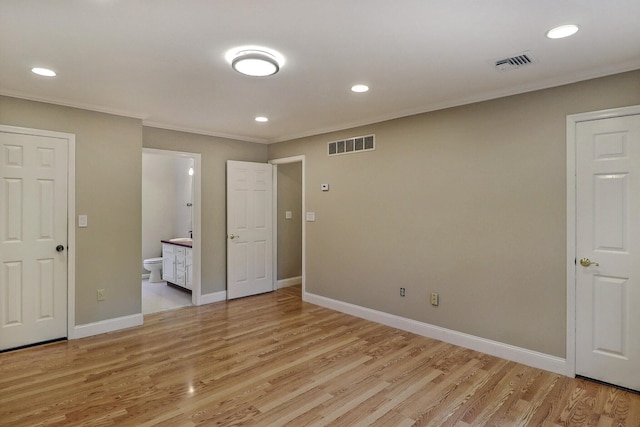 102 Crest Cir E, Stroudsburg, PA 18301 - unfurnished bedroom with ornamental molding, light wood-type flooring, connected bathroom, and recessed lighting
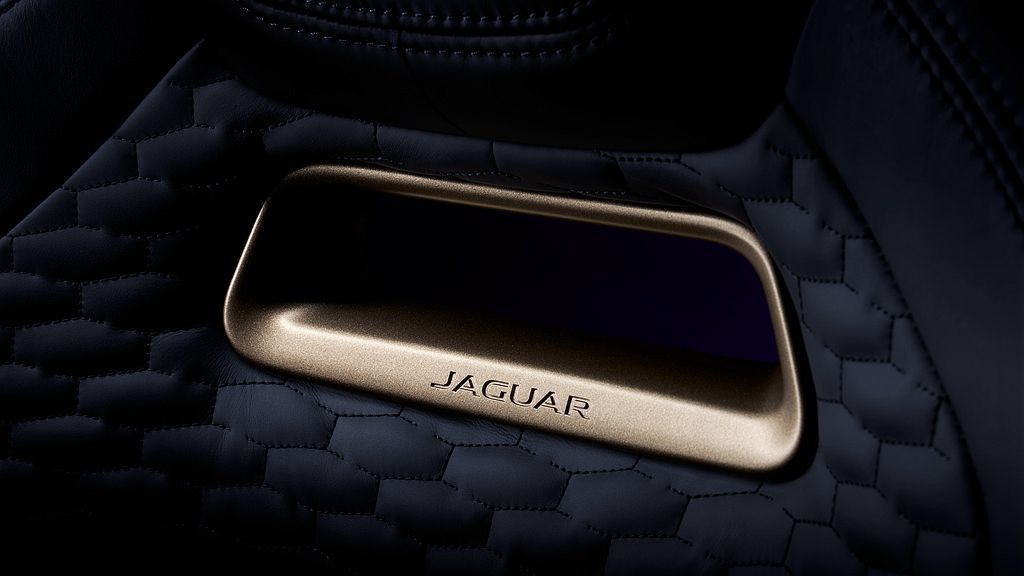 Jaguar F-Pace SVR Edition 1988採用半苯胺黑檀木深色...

==

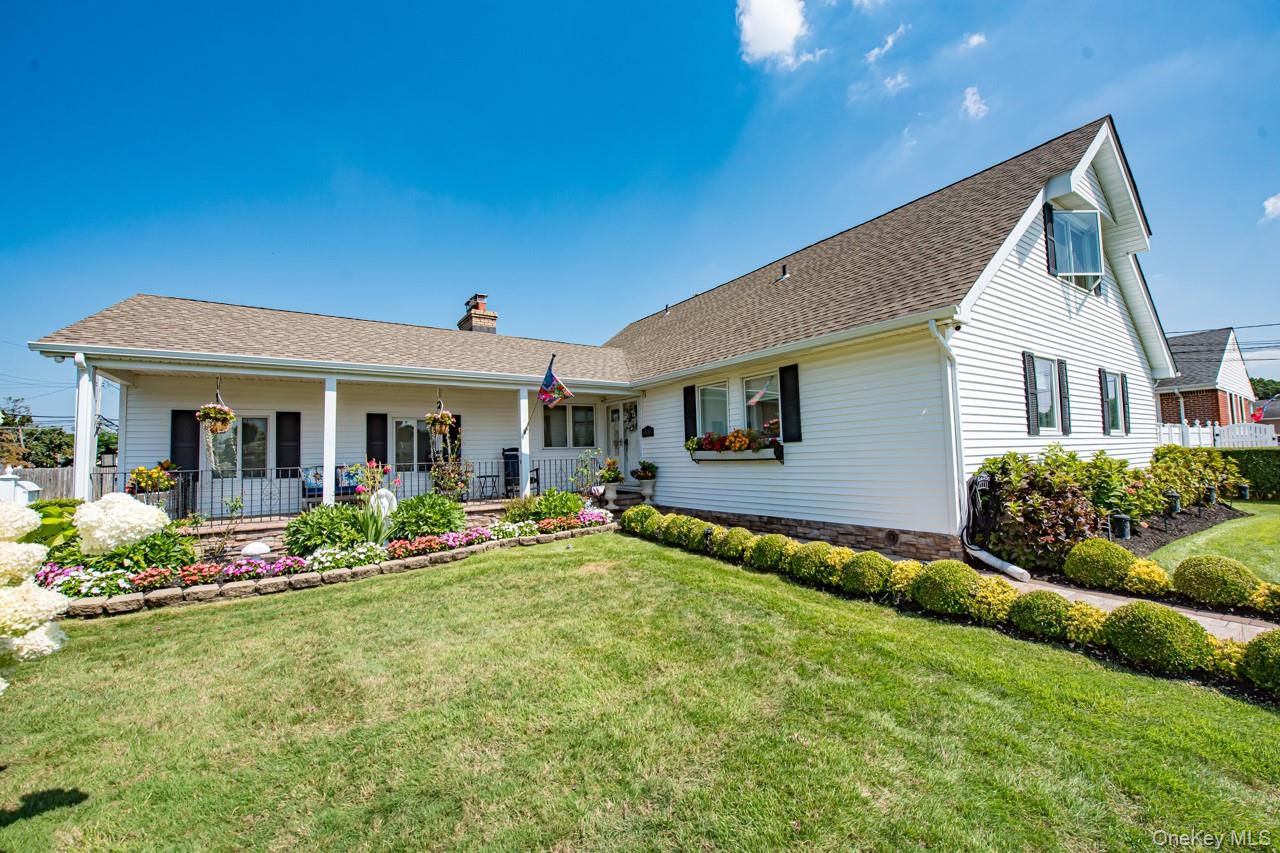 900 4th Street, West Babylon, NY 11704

(Task item): Everything between and including the line above containing "102 Crest Cir" and the line containing "Jaguar F-Pace SVR Edition 1988採用半苯胺黑檀木深色..." should be reproduced exactly, with pictures excluded.

(Answer to the problem):
 102 Crest Cir E, Stroudsburg, PA 18301 - unfurnished bedroom with ornamental molding, light wood-type flooring, connected bathroom, and recessed lighting
 Jaguar F-Pace SVR Edition 1988採用半苯胺黑檀木深色...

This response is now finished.